The present findings are the first record of ethno-botanical survey of traditional medicine Practice for the treatment of cough, diabetes, diarrhea, dysentery and fever of Santals at Abdullahpur Village under Akkelpur Upazilla of Joypurhat District, Bangladesh using standard research protocols. A total of 36 plant species under 36 genera of 25 families have been documented which are used for the treatment of 5 important human diseases. The present study may be a preliminary contribution to the medicinal knowledge of this area using standard research methods, focusing on medicinal plants and their local uses for the healthcare. This healthcare knowledge transmitted orally from one generation to generation.
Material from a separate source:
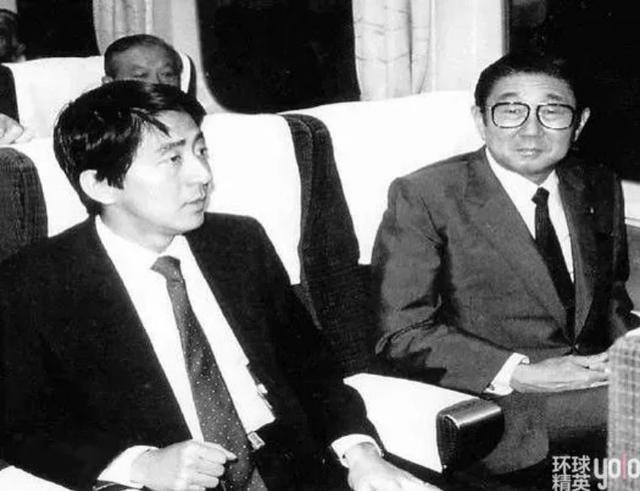 Thu tuong Shinzo Abe anh 2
The study also suggested that the present information on medicinal plants by the Santals may be used for botanical and pharmacological research in future for the development of new sources of drugs.
The author is grateful to the Ministry of Science and Technology, Government of the People’s Republic of Bangladesh for financial support to complete this research work. Thanks are also due to the Santal community at Abdullahpur Village under Akkelpur Upazilla of Joypurhat District, Bangladesh for their co-operation and help during the ethno-botanical studies.